Further, described drive unit also comprises signal adjustment circuit, and described signal adjustment circuit receives described complementary PWM input signal, and sends to described drive circuit after described complementary PWM input signal being carried out corresponding enhancing process; Described first drive end DRV1 and described second drive end DRV2 are connected with the first end W11 of the former limit winding of described transformer and the second end W12 respectively by described signal adjustment circuit.

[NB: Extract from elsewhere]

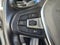2018 BMW X3 M40i
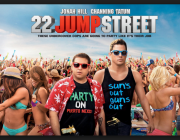 22 Jump Street (2014)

Described signal adjustment circuit comprises the first adjustment unit and the second adjustment unit;

Described first adjustment unit comprises the first triode Q1 and the second triode Q2, first triode Q1 is NPN type, the collector electrode access direct voltage of the first triode Q1, second triode Q2 is positive-negative-positive, the grounded collector of the second triode Q2, the base stage of the first triode Q1 and the base stage of the second triode Q2 are connected to the first drive end DRV1 jointly, and the emitter of the first triode Q1 and the emitter of the second triode Q2 are connected to the first end W11 of the former limit winding 307 of transformer T301 jointly;

Described second adjustment unit comprises the 3rd triode Q3 and the 4th triode Q4,3rd triode Q3 is NPN type, the collector electrode access direct voltage of the 3rd triode Q3,4th triode Q4 is positive-negative-positive, the grounded collector of the 4th triode Q4, the base stage of the 3rd triode Q3 and the base stage of the 4th triode Q4 are connected to the second drive end DRV2 jointly, and the emitter of the 3rd triode Q3 and the emitter of the 4th triode Q4 are connected to the second end W12 of the former limit winding 307 of transformer T301 jointly.

Described complementary PWM input signal controls described first triode Q1, described second triode Q2, described 3rd triode Q3 and described 4th triode Q4 and is operated in conducting state or cut-off state.

Described signal adjustment circuit also comprises the first resistance R1, the second resistance R2, electric capacity C1, the first diode D1, the second diode D2, the 3rd diode D3 and the 4th diode D4.The base stage of described first triode Q1 and the base stage of the second triode Q2 are connected to described first drive end DRV1 jointly by the first resistance R1; The base stage of described 3rd triode Q3 and the base stage of the 4th triode Q4 are connected to the second drive end DRV2 jointly by the second resistance R2; The emitter of described first triode Q1 and the emitter of the second triode Q2 are connected to the first end W11 of the former limit winding 307 of described transformer T301 jointly by described electric capacity C1; The anode of described first diode D1 is connected with the former limit winding 307 of described transformer, and the negative electrode of described first diode D1 is connected with the emitter of described first triode Q1; The plus earth of described second diode D2, the negative electrode of described second diode D2 is connected with the emitter of described first triode Q1; The plus earth of described 3rd diode D3, the negative electrode of described 3rd diode D3 is connected with the emitter of described 3rd triode Q3; The plus earth of described 4th diode D4, the negative electrode of described 4th diode D4 is connected with the emitter of described 3rd triode Q3.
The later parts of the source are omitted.